Advances such as these were celebrated in the International Exhibition in 1862, an important cultural event in the 19th century. It brought together examples of British, colonial and scientific products and it was the first time synthetic anilines were shown to an international audience. Two of the most fashionable aniline colours on display, vivid pinks - Magenta and Solferino – had been named after recent French victories over Austria in the 1859 Second Italian War of Independence.

The Ashmolean’s extraordinarily colourful Great Bookcase (1859-1862) was the centrepiece of the Exhibition’s Mediaeval Court. At three meters high, the bookcase echoes the polychrome porch of a Gothic cathedral, although its style is more eclectic.

The bookcase was designed by the architect William Burges (1827-1881), and it was painted by 13 promising young Pre-Raphaelite artists, including Edward Burne-Jones (1833-1898) and Dante Gabriel Rossetti (1828-1882).

Analyses show that Burges and the artists used contemporary materials including aniline green.

‘Vivien’ (1863) by Frederick Sandys (1829-1904) … Sandys uses peacock feathers to highlight her role as a sexual enticer, appropriating the colourful plumage of the male (Photograph: Patrick Comerford, 2023)

Revivalist and Pre-Raphaelite artists were working in the context of rapid scientific progress and the popularisation of new scientific ideas by figures like Charles Darwin (1809-1882). His concept of natural selection and the use of colour in the animal kingdom led to particularly gruesome Victorian appetites for two of nature’s most beautiful animals, beetles and hummingbirds. Unlike the feathers of a peacock, whole bird and beetle bodies were incorporated into Victorian fashion and jewellery.

The jeweller Harry Emmanuel created coveted designs including a Hummingbird necklace (1865) made of seven decapitated emerald and ruby-topaz birds. There was such a hummingbird craze that in one week alone in 1888, 400,000 ‘skins’ were auctioned, and a further 370,000 in the following week.

In 1884, the Portuguese ambassador to London presented the Foreign Secretary, Lord Granville, with a piece of jewellery made of the bodies of 46 iridescent green South American weevils. Granville had these mounted on a tiara and necklace for his wife in 1885.

‘Minton Peacock’ designed by Paul Comolera for Minton & Co … majolica contained high traces of lead that poisoned many of the female workers in the Minton factory (Photograph: Patrick Comerford, 2023)
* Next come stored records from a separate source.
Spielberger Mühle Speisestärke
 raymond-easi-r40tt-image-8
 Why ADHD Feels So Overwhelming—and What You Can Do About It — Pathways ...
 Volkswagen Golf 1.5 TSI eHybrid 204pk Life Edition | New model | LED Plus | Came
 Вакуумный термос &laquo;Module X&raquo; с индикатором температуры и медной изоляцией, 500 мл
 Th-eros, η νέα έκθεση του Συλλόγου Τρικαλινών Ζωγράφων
Colourful fashion had a human cost too: in 1862 a factory girl making artificial flowers for women’s headdresses died from poisoning. She was said to have vomited green slime and had green tinged eyeballs. The killer was the main ingredient of the new green dye – arsenic. The incident prompted a review of the use of green in fashion and homeware, and green wallpaper became known as ‘walls of death’.

Scandals such as this and the ever-growing use of colour in popular culture prompted discussions on colour theory and different colours’ moral qualities. The exhibition shows artists who had famously different attitudes. Ruskin believed artists should stick to the God-given colours of nature, while James Abbott McNeill Whistler (1834-1903) disagreed entirely and followed a philosophy of ‘colour for colour’s sake’. His extravagant use of colour was made easier by the invention of collapsible metal paint tubes.

Certain ‘unnatural’ colours were embraced by the ‘Decadent’ movement – such as the dyed-green carnation sported by Oscar Wilde. Another Decadent favourite was yellow, epitomised by a series of French novels that had distinctive yellow covers. The avant-garde periodical, The Yellow Book appeared in London in 1894. Its bright yellow cover was designed by Aubrey Beardsley (1872-1898). Uncompromisingly stylish and ready to push boundaries, The Yellow Book came to define the decade as ‘the Yellow ’90s’.

Photography and electricity also had revolutionary impacts at the time, and some of the first innovators were women. ‘Colour Revolution’ features one of the earliest colour reproduction techniques, cyanotypes, made by Anna Atkins (1799-1871), who used the process to create ethereally beautiful ‘photograms’ – made without a camera – of British algae, published between 1843 and 1853.

The exhibition is curated by Matthew Winterbottom, Curator of Sculpture and Decorative Arts at the Ashmolean Museum, and Professor Charlotte Ribeyrol of the Sorbonne Université, Paris.

The exhibition, ‘Colour Revolution: Victorian Art, Fashion & Design’ continues in the John Sainsbury Exhibition Galleries in the Ashmolean Museum until 18 February 2024. It is open daily from 10 am to 5 pm, and tickets are from £6 to £17.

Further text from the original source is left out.